Leaning on the rolling garbage can she used to carry water, she waited her turn. She saw Chris at the water’s edge, dipping a bucket into the water and dumping it into a rolling garbage can of her own. Chris’s nursing scrubs were soaked. She worked for the one doctor in the neighborhood — Derek Morton. He’d set up a clinic in his home, and Judith (Deni’s next-door neighbor) and Chris took turns working as his nurses. He paid them with whatever he bartered for his services — vegetables, bread, eggs, and sometimes meat from patients who hunted. Once Chris had gotten a chicken. Whatever she earned helped her family.
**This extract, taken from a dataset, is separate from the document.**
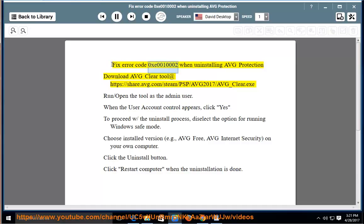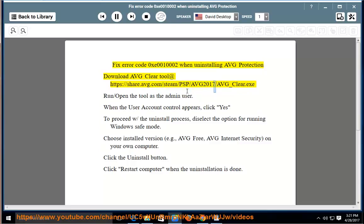Fix error code 0xE0010002 when uninstalling AVG protection. Download the AVG Clear tool at https://share.avg.com/steam/psp/avg2017/avg/clear.exe.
As she waited for Chris to finish, Deni saw her friend Mark coming up the street with a barrel on wheels. As he passed, the crowd parted, as if he carried a machete and intended to use it. Deni had tried to tell everyone that Mark had had nothing to do with his father’s crimes, but most considered her naive. Still, she knew Mark’s heart. He’d been devastated by his father’s actions, and the shame had kept him home for two weeks. But then he’d emerged to help with the work on the well and his family’s chores. He still had his bad days, and the smiles he’d once worn were fewer and farther between. The neighbors’ cold shoulders only made things worse. But Deni and Chris had made sure the entire neighborhood knew the two of them were still his friends.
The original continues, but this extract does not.